I have owned a single engine trawler
with bowthruster and I singlehanded a twin engine catamaran
for most of 2009. Let me tell you, twin engines are nice, maybe even mandatory for easy singlehanding
. Admittedly the cat made everything easier with its wide engine spacing, but a conventional trawler with twins would be almost as good- see below.
Let me relate a couple of examples.
I pulled in for fuel
at a marina on the Sassafras. The dead end channel was narrow in front of the fuel docks, maybe only 100' wide even for my 3-1/2' draft
. After fueling there were a line of boats waiting, mostly blocking the channel. I simply made a 180 deg turn, never more than 5' from the dock
and motored away. Try to do that with your bowthruster particularly with any wind
Coming into the right side of the free dock at Oriental, NC I motored up to the dock which is a single pier coming out from the roadway's bulkhead. I was hemmed in on the left by Fulcher's seafood. As I got close I simply made a 180 turn in my own length and snuggled up to the dock.

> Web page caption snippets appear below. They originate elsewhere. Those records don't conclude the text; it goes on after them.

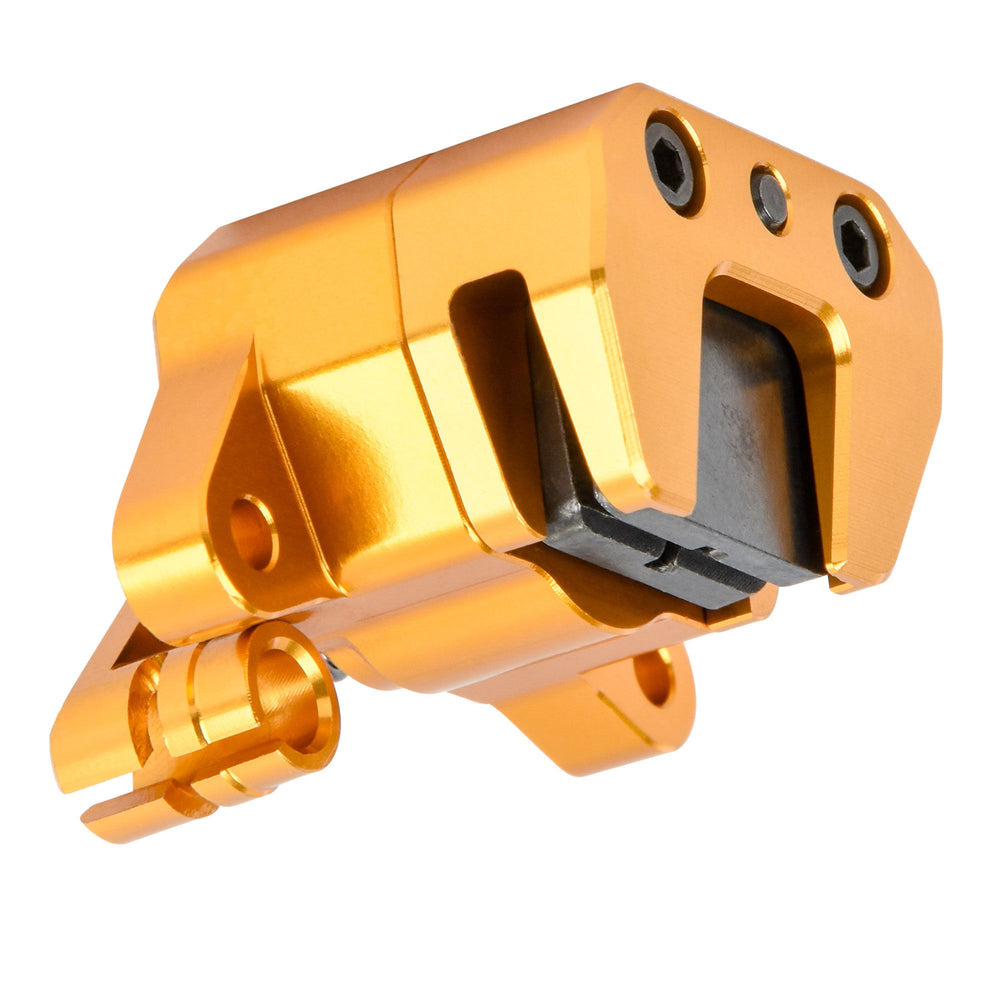 Pro-Line Racing Pro-Spec Aluminum Brake Caliper: Promoto-MX/SM 1:4 PRO640800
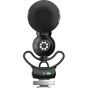 JOBY Wavo PRO Microphone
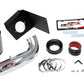 HPS Shortram Air Intake Kit 2007-2008 Chevy Silverado 1500 4.8L 5.3L 6.0L V8, Includes Heat Shield, Polish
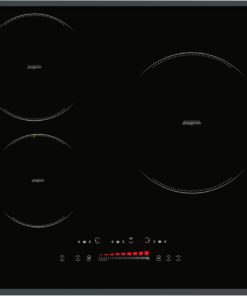 Bếp Từ Canzy CZ 67HA - hình số 1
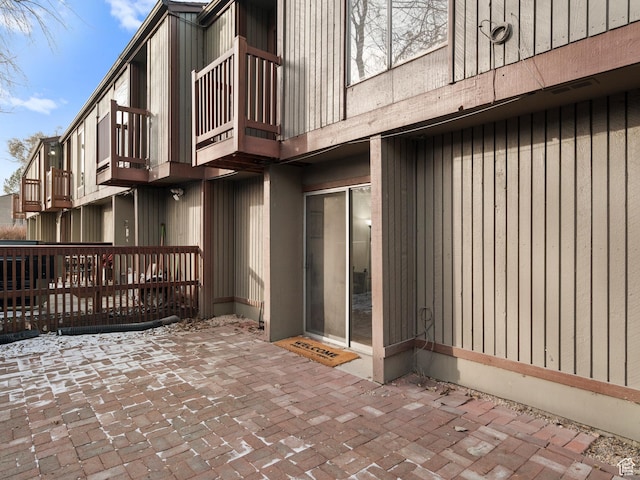 5423 S Tonalea Dr, Murray, UT 84107 - patio / terrace with a patio area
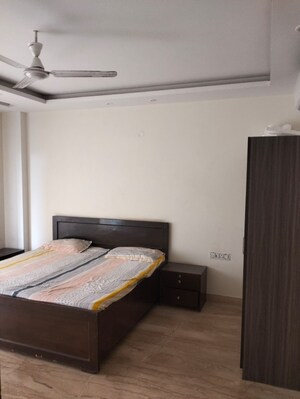 Bedroom in 3 BHK Apartment at Eros Wembley Estate, Sector 50 – for Rent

And on a 45' CHB trawler with twins: I was helping a friend deliver his new to him trawler. We came into Oriental's town dock and there were boats already tied to both sides of the pier. The skipper
of one said that his wife and kids
were browsing the shops and would be leaving soon and would be like to raft for a few minutes.
We pulled in alongside of him bow facing the road, this time on the opposite side as before but hemmed in by the docks at Oriental Marina. Again we turned around in our own length (this took much longer and with more throttle jockying due to the limited engine spacing) and snuggled up along side and rafted up.
In all of these cases, there was no one to help with docklines except for the guy we rafted to. I had to be self sufficient and do it myself. Twin engines really make it easy.